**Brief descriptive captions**
┌──
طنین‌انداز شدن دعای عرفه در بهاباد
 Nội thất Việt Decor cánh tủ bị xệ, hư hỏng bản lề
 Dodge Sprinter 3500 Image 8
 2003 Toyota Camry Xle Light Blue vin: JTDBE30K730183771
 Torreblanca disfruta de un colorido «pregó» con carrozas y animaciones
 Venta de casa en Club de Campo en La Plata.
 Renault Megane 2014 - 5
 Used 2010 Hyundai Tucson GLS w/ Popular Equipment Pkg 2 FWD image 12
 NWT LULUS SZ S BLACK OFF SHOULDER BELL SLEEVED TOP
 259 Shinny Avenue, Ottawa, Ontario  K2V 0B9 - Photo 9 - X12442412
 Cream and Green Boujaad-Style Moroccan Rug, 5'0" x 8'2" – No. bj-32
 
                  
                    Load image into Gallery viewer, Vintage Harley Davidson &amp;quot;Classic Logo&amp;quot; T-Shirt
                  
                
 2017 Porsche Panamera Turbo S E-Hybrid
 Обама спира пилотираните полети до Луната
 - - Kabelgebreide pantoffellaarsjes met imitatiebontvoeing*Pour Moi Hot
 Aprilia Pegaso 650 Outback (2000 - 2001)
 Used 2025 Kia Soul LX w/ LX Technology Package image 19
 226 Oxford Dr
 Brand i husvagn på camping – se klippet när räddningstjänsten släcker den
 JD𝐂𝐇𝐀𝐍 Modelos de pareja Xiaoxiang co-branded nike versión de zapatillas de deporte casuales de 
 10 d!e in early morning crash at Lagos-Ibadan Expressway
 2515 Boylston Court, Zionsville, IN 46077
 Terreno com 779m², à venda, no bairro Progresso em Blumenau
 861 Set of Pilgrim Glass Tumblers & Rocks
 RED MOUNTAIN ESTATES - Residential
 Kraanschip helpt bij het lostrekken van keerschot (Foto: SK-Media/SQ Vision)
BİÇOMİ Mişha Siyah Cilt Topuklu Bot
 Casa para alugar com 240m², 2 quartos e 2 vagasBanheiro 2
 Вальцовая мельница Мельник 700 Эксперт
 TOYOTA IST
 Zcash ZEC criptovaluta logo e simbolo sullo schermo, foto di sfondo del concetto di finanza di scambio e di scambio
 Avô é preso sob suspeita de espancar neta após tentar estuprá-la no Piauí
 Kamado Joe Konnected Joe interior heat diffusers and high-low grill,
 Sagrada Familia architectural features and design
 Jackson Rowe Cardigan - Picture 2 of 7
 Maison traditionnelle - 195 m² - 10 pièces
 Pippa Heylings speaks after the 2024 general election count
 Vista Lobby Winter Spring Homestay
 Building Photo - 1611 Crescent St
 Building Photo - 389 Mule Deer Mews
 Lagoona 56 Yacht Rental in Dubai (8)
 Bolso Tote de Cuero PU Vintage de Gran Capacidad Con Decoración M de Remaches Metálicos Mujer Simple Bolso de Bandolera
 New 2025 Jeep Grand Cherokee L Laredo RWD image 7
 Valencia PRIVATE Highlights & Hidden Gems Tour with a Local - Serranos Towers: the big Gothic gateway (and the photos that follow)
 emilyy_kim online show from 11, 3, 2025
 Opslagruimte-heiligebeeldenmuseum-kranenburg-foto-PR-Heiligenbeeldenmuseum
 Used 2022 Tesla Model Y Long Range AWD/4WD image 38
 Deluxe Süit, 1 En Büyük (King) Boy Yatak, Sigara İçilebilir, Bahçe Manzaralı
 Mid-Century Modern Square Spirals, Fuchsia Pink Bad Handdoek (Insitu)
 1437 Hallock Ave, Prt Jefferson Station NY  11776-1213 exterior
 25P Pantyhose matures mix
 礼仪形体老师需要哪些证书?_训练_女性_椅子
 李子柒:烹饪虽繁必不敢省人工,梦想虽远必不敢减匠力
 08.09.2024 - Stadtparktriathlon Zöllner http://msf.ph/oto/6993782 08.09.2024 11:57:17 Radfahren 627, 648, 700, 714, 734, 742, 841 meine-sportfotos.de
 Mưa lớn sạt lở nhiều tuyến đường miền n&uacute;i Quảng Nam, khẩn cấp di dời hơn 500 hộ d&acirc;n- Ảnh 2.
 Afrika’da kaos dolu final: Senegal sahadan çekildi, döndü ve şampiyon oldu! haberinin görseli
└──
**Work instructions**
Only the lines from the one containing "Bolso Tote de" through the end of the records above belong in the output, each exactly as it stands, both ends included.

**Task solution**
 Bolso Tote de Cuero PU Vintage de Gran Capacidad Con Decoración M de Remaches Metálicos Mujer Simple Bolso de Bandolera
 New 2025 Jeep Grand Cherokee L Laredo RWD image 7
 Valencia PRIVATE Highlights & Hidden Gems Tour with a Local - Serranos Towers: the big Gothic gateway (and the photos that follow)
 emilyy_kim online show from 11, 3, 2025
 Opslagruimte-heiligebeeldenmuseum-kranenburg-foto-PR-Heiligenbeeldenmuseum
 Used 2022 Tesla Model Y Long Range AWD/4WD image 38
 Deluxe Süit, 1 En Büyük (King) Boy Yatak, Sigara İçilebilir, Bahçe Manzaralı
 Mid-Century Modern Square Spirals, Fuchsia Pink Bad Handdoek (Insitu)
 1437 Hallock Ave, Prt Jefferson Station NY  11776-1213 exterior
 25P Pantyhose matures mix
 礼仪形体老师需要哪些证书?_训练_女性_椅子
 李子柒:烹饪虽繁必不敢省人工,梦想虽远必不敢减匠力
 08.09.2024 - Stadtparktriathlon Zöllner http://msf.ph/oto/6993782 08.09.2024 11:57:17 Radfahren 627, 648, 700, 714, 734, 742, 841 meine-sportfotos.de
 Mưa lớn sạt lở nhiều tuyến đường miền n&uacute;i Quảng Nam, khẩn cấp di dời hơn 500 hộ d&acirc;n- Ảnh 2.
 Afrika’da kaos dolu final: Senegal sahadan çekildi, döndü ve şampiyon oldu! haberinin görseli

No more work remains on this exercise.